Not all my meetings with health system leaders go as well as I might have hoped. I was in the mode of part mad professor, part merry prankster. However, I tried to appear polite. I sat upright and placed my hands on my knees like I was sitting in a pew.
“You know what year it is, right? It’s the future.” I told the health system’s call center manager.
“As much as I might like to hear about the future you come from, I’ve got a hundred people on hold who want to talk to us.”
“Doesn’t that suggest that you have a problem?”
“No one knows if that’s something or nothing.”
“You should put those words on a patch for your employees to wear. Like a motto on a scroll below two crossed question marks. Since you don’t have a CRM system, if you need to call someone back, how do you find their number?” I asked her.
“We look them up in this phone book.”
“Why is the phone book on a chain?” I could tell she was getting tired of me interrogating her.
“People steal them. Don’t you remember the 70’s?”
I looked around at her call center. “You appear to be very bright. This is customer experience, it’s not like splitting the atom.
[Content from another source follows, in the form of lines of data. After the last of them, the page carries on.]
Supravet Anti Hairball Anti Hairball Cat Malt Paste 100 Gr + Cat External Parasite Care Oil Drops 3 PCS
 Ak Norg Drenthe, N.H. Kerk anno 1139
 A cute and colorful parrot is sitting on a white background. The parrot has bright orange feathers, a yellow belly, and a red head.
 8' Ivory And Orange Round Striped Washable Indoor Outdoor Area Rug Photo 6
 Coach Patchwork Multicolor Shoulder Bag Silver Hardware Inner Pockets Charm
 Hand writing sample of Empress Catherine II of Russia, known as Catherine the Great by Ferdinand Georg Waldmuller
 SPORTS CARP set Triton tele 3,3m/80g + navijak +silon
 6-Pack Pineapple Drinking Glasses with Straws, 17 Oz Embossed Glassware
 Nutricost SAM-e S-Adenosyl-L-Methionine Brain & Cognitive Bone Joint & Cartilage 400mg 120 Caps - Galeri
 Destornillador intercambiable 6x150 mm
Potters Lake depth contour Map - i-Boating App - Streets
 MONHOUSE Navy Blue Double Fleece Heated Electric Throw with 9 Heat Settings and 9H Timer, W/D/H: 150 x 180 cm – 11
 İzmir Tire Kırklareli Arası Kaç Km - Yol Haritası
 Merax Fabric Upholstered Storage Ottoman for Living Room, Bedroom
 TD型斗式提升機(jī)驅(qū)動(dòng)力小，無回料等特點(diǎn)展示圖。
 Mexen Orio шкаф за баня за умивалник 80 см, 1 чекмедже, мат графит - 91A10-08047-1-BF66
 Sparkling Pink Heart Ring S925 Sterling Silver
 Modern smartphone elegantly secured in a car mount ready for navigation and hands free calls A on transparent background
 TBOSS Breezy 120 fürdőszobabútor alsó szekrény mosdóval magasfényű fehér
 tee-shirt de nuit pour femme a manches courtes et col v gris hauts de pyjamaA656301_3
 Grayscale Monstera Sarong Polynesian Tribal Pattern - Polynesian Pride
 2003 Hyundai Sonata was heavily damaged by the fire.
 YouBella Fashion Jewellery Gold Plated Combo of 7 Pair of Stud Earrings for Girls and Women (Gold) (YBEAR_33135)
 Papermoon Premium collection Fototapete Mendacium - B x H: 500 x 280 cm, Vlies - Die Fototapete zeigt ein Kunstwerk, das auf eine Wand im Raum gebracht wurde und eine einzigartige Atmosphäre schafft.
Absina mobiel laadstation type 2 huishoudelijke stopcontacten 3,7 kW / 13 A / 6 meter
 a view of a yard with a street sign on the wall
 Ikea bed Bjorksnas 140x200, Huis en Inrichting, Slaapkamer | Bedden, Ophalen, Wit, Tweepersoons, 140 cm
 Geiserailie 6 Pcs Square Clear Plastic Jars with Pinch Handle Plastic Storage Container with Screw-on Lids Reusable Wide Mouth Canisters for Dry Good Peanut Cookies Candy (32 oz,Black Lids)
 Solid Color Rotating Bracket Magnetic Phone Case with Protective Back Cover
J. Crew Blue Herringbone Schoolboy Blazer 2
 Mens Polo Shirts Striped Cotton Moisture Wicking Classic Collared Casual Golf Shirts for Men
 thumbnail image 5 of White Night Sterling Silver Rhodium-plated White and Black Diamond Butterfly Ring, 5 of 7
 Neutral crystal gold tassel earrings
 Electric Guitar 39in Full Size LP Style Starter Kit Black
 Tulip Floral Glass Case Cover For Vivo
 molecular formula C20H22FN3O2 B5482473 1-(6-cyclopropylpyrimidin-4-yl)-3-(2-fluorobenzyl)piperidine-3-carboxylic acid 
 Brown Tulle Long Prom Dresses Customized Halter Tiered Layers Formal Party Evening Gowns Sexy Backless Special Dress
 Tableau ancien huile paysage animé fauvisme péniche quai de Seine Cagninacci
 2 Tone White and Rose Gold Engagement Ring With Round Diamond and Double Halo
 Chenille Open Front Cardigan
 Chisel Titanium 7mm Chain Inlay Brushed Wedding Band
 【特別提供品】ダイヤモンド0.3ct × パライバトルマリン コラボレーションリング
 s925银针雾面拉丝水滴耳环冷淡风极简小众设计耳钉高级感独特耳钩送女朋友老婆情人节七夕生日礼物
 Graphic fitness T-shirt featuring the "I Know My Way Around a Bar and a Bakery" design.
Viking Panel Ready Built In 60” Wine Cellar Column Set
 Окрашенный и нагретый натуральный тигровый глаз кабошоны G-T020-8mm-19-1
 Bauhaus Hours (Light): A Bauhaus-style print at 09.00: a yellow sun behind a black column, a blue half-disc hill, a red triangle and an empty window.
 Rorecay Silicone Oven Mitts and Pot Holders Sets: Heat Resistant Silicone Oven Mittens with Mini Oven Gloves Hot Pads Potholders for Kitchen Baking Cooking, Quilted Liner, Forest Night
Judging from what I see here, this place is still waiting for the 70’s to arrive.” Knowing that I was never going to get her to jump ahead even to the decade of faxes and pagers, and judging that my time had expired, I turned and ran for the door, lest I got swallowed up in healthcare’s version of Back to the Future, Part Deux.
So that was my day.
Many health systems believe their patient portal is a big step towards meeting the needs of consumers. This chart should put that belief to rest. Patient portals exclude most consumerism needs and experiences. They exclude (RED) non-clinical needs, most of the people who have needs (non-patients), and when most of those needs occur. And for those health systems who continue to believe that their call center is consumer friendly, the fourth pie-chart shows that the typical health system’s call center is closed three out of every four hours each week.